21 de junio de 2010

Cuento, luego existo

He descubierto que esta es mi máxima. ¿Necesidad de comunicar? Sí... ¿De compartir? Sí... Pero ¿por qué a veces parece que si no lo cuento es casi como si no hubiera pasado? Es como si lo que quiera que sea que haya vivido, o pensado incluso, tuviera que franquear estas paredes mías (que son menos de cuatro) para tener sentido. Como si tuviera que tomar forma o cuerpo fuera de mí. Por eso me gusta tanto escribir, quizá es cuando queda más patente. Y lo más personal o lo cotidiano, lo voy guardando en una esquinita de mi mente hasta que puedo irlo liberando con el interlocutor adecuado. Lo cierto es que creo que sería más feliz si no me gustara tanto dar parte de mis idas y venidas y compartir mis pensamientos y reflexiones. Porque estaría todo más quieto dentro de mí y no me agitaría como una burbuja en una coctelera cada vez que algo me conmueve o me alegra o me hace gracia..., vamos, siempre. No hablemos de cuando me enamoro, o incluso de cuando simplemente hay alguien en el horizonte susceptible de. Algunos habéis sido testigos hace poco. En esos momentos lo gritaría a los cuatro vientos, lo cantaría, lo pintaría. Y quizá, quizá, tenga que hacer todo eso para que no me desborde dentro, porque tal vez yo sea hija de la intensidad no sé bien por qué, pero así vivo las cosas. Y noto que se me está pegando la forma de escribir de Murakami, el cual me tiene absolutamente fascinada porque le acabo de descubrir. No sé, pero no lo voy a tratar de evitar,se me pasará. Me pasa mucho cuando me gusta un autor, pero en este caso ha sido fuerte porque creo que me ha abierto un camino que está en mí y yo no me atrevía a seguir. No sé si me entendéis. No es que copie algo que no es mío y deje de ser yo, sino que descubro algo mío que no salía a la luz y así me acerco más a mí. Y como me parece que estoy pasando de contar a desbarrar y tengo sueño y tampoco quiero perder los poquitos lectores que tengo pues lo dejo aquí. Por cierto, esos pocos lectores sois un tesoro para mí. Que conste.

13 de junio de 2010

Es lo que odio del amor, que de repente parezca imprescindible. Tú estás tan tranquila con tu vidita sin altavoces, porque no hay nada que gritar a los cuatro vientos, sin pájaros que coreen por la mañana los besos que te despiertan. Deseando que aparezca, pero disfrutando de esa comodidad que da el no tener que arriesgar nada. Tú estás ahí, en ese limbo absurdo, cuando aparece alguien que te mueve un poquito el suelo, así como jugando a tirar del mantel... Y de repente, sólo quieres que esté ahí, que te quiera, que te abrace.
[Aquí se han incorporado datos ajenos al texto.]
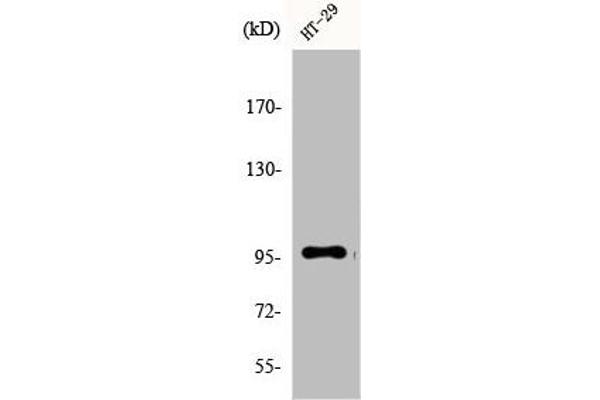 DMGDH antibody  (C-Term)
Eres capaz de apoyar la cabeza en la nevera haciendo círculos mientras sueñas con sus ojos o piensas en cómo dijo esa palabra o qué tierna sonó su voz en tal instante..., o de perder infinitos minutos con una sonrisa cándida frente a sus palabras en el ordenador. Y entonces, al ritmo que tu vidita va creciendo para ser VIDA, también se agrandan los: y si..., cuando sepa..., cómo voy a... sin él. Y ya tu vidita parece que no tiene sentido sin esa otra vidita que te enciende. Ay..., ¡cómo odio el amor cuando se pone tan estupendo!